No picture belongs in the answer, which must hold exactly the lines from the one with "JB Hi-Fi 580" through the final line below.

_Input data:_
%%

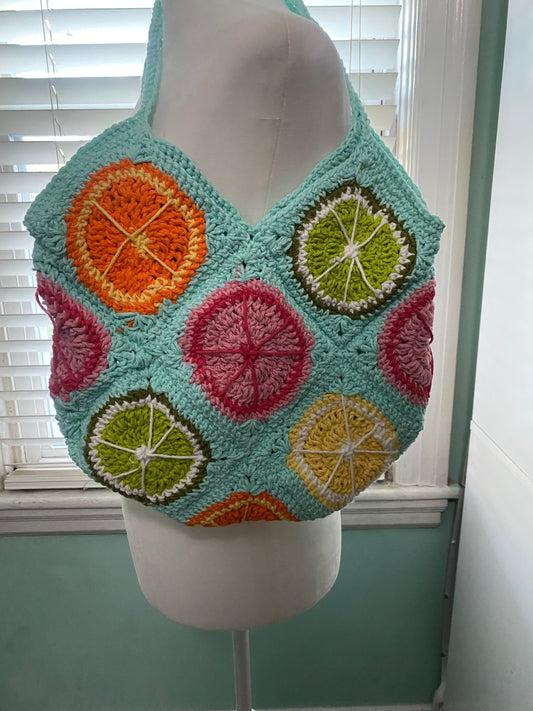 Crochet Fruit Granny Square Tote Bag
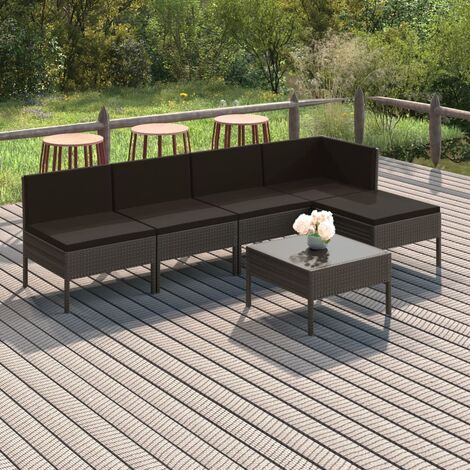 Salon de jardin 6 pcs Ensemble Table et Chaise de Jardin - avec coussins Résine tressée Gris BV774066 - BonneVie (1/5)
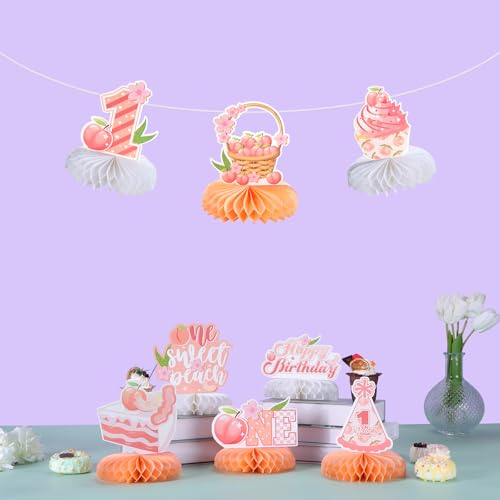 Image of 9pcs Peach One Birthday Honeycomb Centerpieces First Birthday Party Table Decorations Sweet ONE Peach Tabletop Centerpieces Baby Shower First Birthday Table Topper Sign Decorations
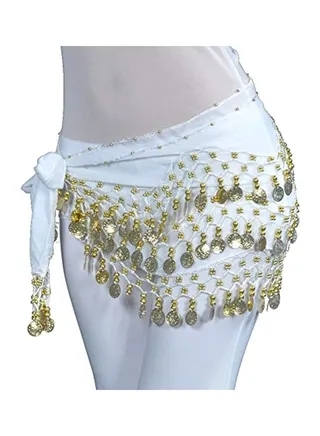 Chiffon Dangling Gold Coins Belly Dance Hip Wrap H-White/Gold 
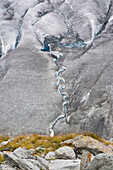 Structure and rill on ice, Aletsch Glacier, Canton Valais, Switzerland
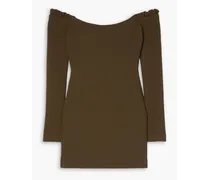 Octavia off-the-shoulder wool-crepe mini dress - Brown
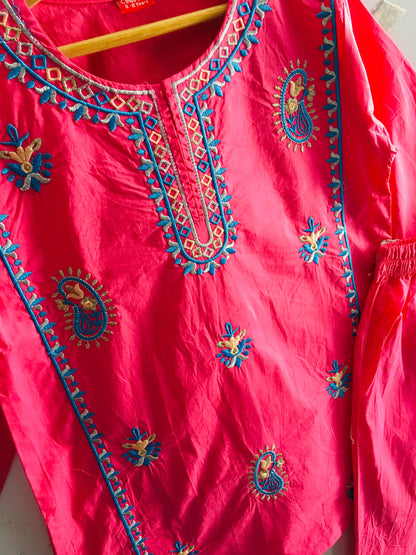 Blue Embroidery Pink Girls Suit 221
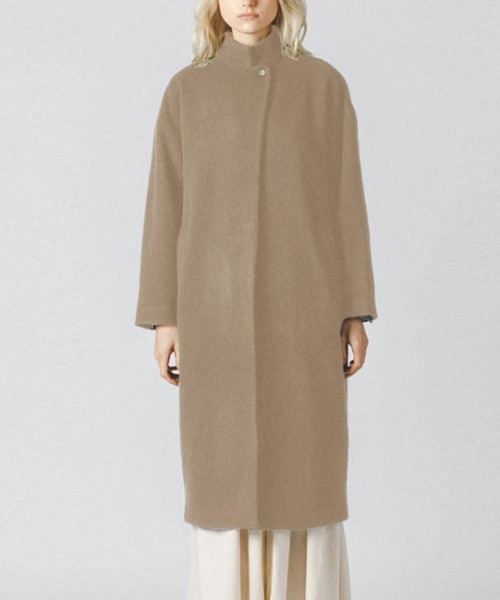 mizuiroind（ミズイロインド）の「mizuiro ind スタンドカラーロングコート（その他アウター・レディース・ダークブラウン/ベージュ/ブラック/ネイビー/チャコールグレー・FREE）」の9枚目の写真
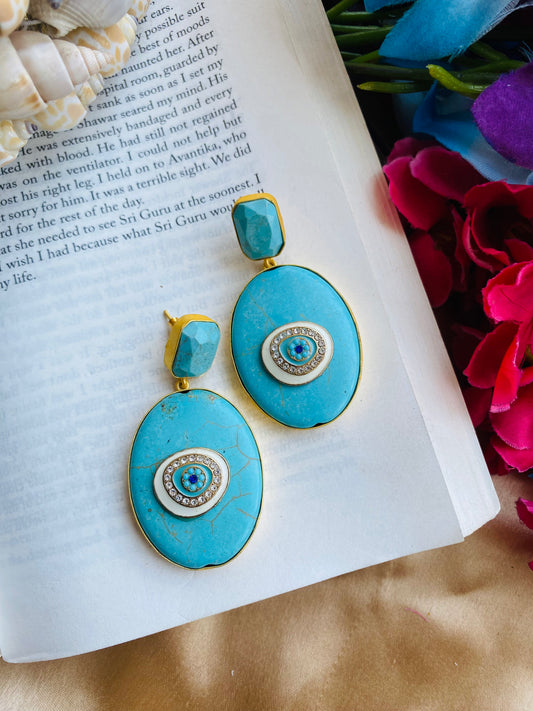 White Evil Eye on Turquoise Earrings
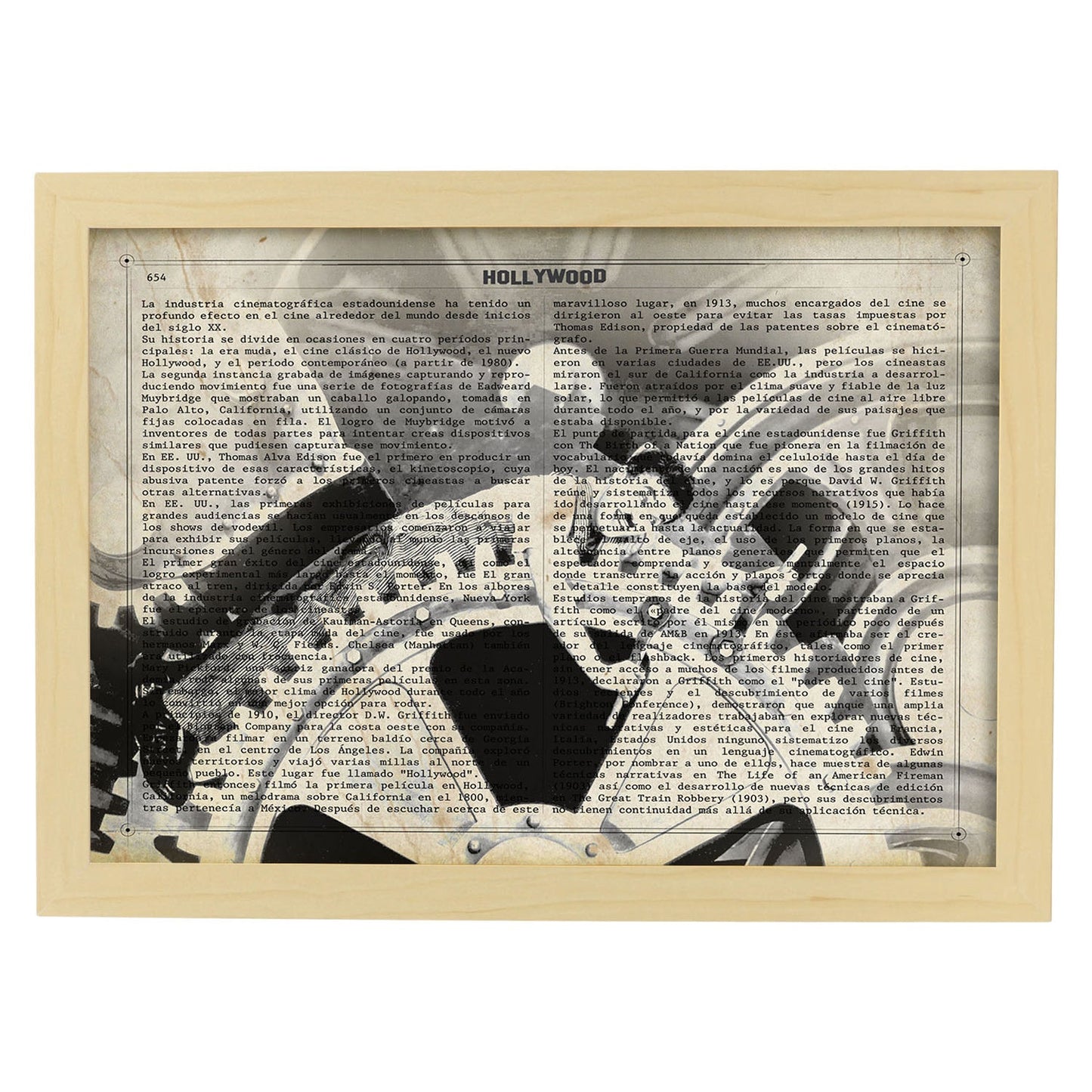 Lámina Vintage pelicula Modern Times Sobre definicion de Hollywood-Artwork-Nacnic-A3-Marco Madera clara-Nacnic Estudio SL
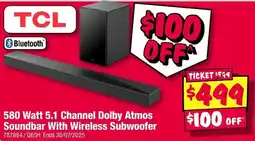 JB Hi-Fi 580 Watt 5.1 Channel Dolby Atmos Soundbar With Wireless Subwoofer offer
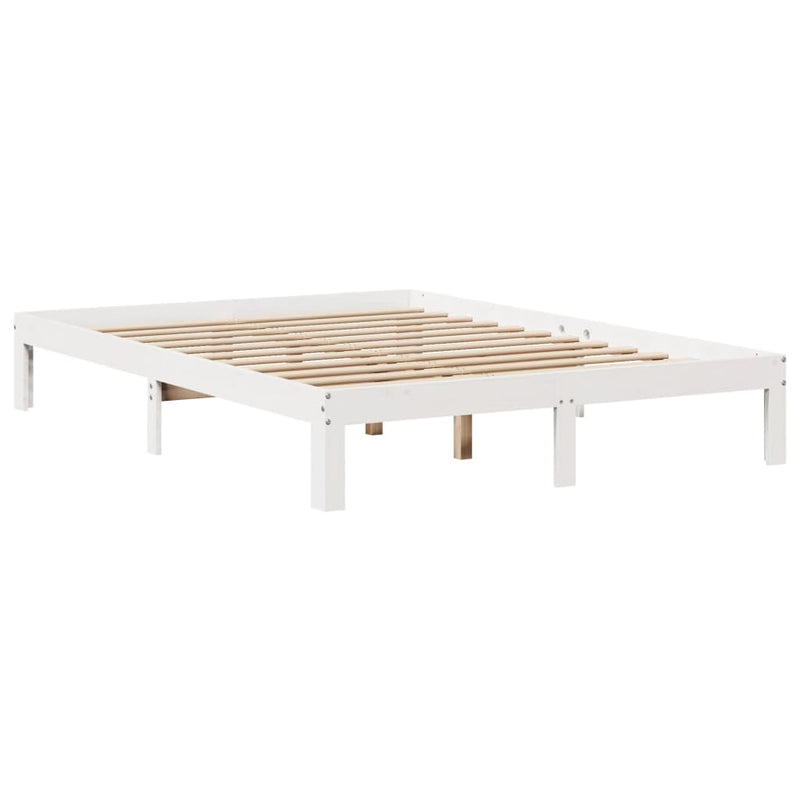 vidaXL fehér tömör fenyőfa ágykeret fejtámlával 120 x 190 cm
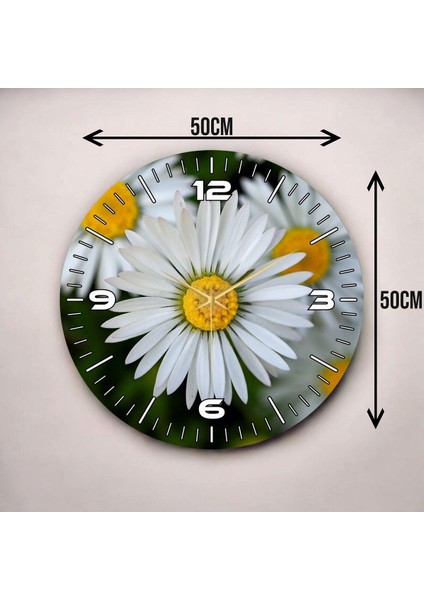 Papatya Tasarımlı Renkli Baskı Çiçek Desenli Sayılı Hediyelik Ahşap Sessiz Duvar Saati 45CM modelleri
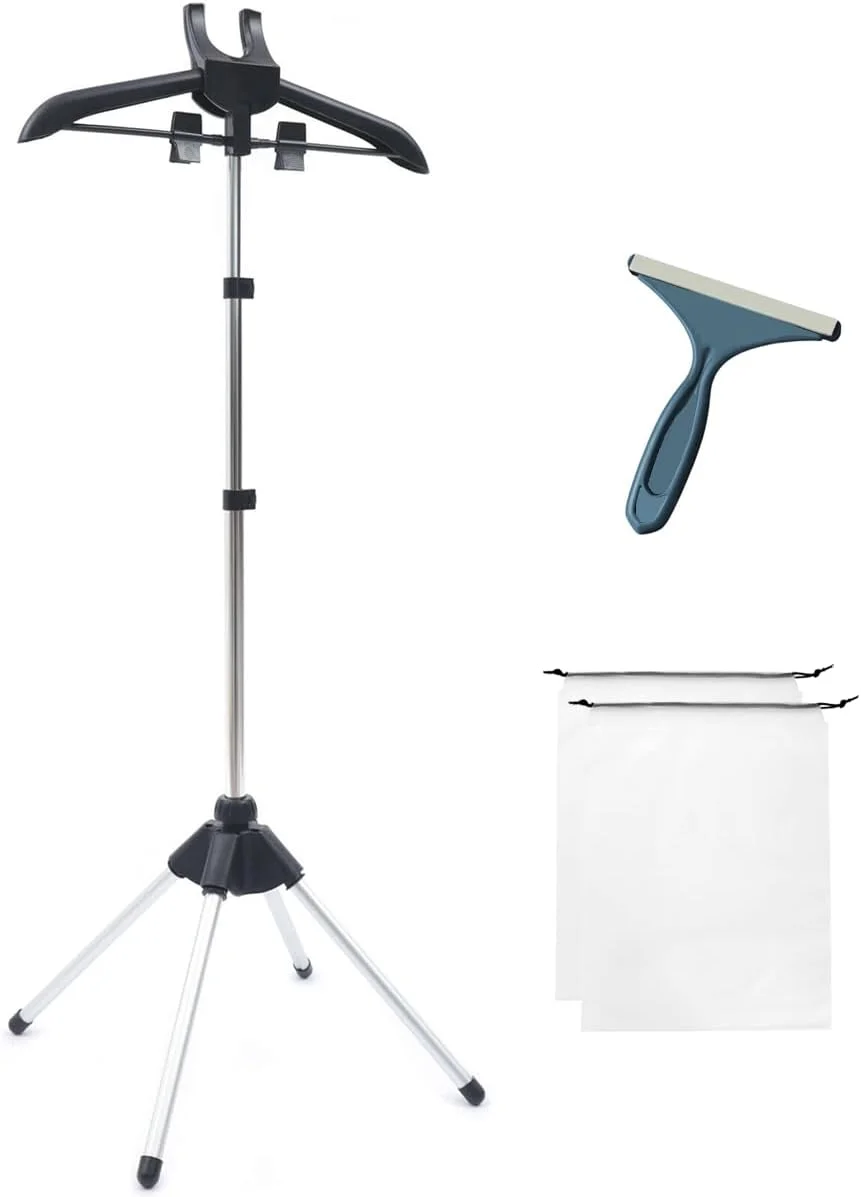 پایه بخارگر قابل حمل لباس، رک بخارگر اتو بخار برای بخار دادن لباس، رک بخارگر آویز لباس مسافرتی، رک لباس بخارگر دستی برای خانه، هتل (مشکی)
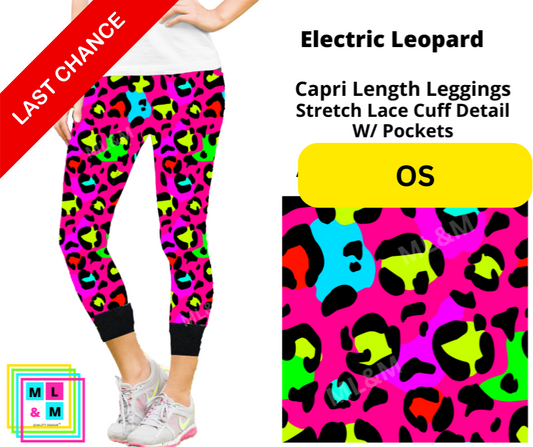 Electric Leopard Lace Cuff Capris w/ Pockets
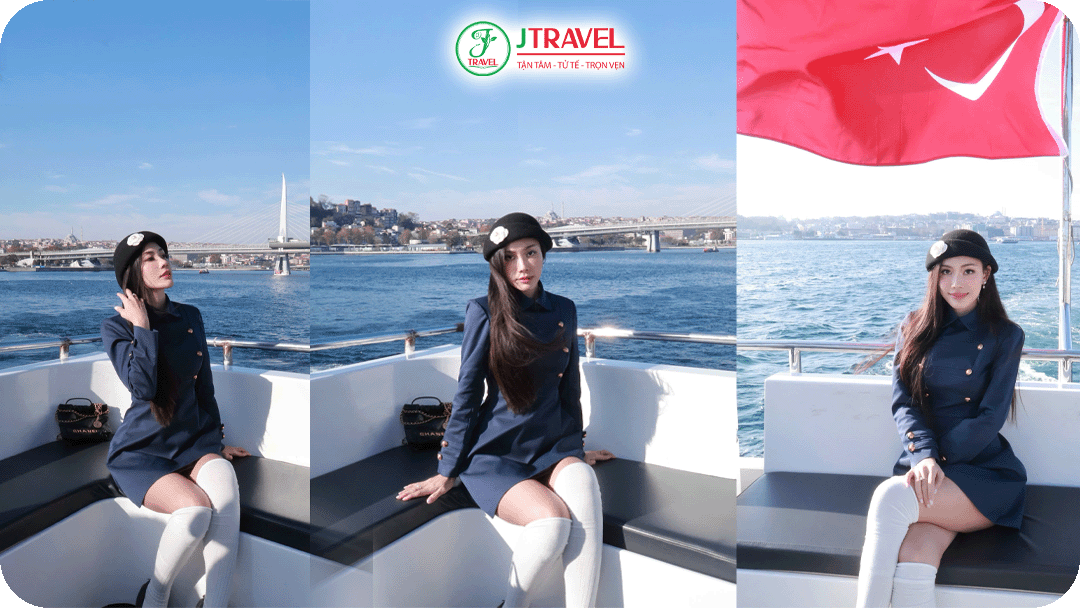 Du khách J Travel trải nghiệm du thuyền trên eo biển Bosphorus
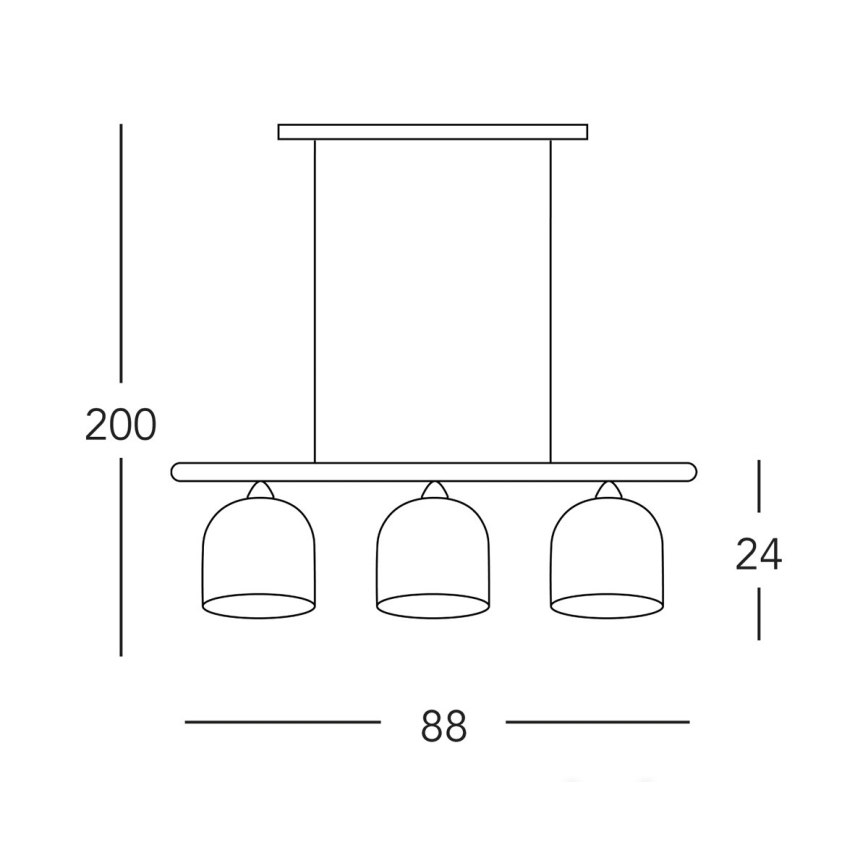 Kolarz A1352.83.Gr.100 - Lampadario con filo NONNA 3xE27/60W/230V cervo quercia/bianco/grigio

%%

_Task result:_
 JB Hi-Fi 580 Watt 5.1 Channel Dolby Atmos Soundbar With Wireless Subwoofer offer
 vidaXL fehér tömör fenyőfa ágykeret fejtámlával 120 x 190 cm
 Papatya Tasarımlı Renkli Baskı Çiçek Desenli Sayılı Hediyelik Ahşap Sessiz Duvar Saati 45CM modelleri
 پایه بخارگر قابل حمل لباس، رک بخارگر اتو بخار برای بخار دادن لباس، رک بخارگر آویز لباس مسافرتی، رک لباس بخارگر دستی برای خانه، هتل (مشکی)
 Electric Leopard Lace Cuff Capris w/ Pockets
 Du khách J Travel trải nghiệm du thuyền trên eo biển Bosphorus
 Kolarz A1352.83.Gr.100 - Lampadario con filo NONNA 3xE27/60W/230V cervo quercia/bianco/grigio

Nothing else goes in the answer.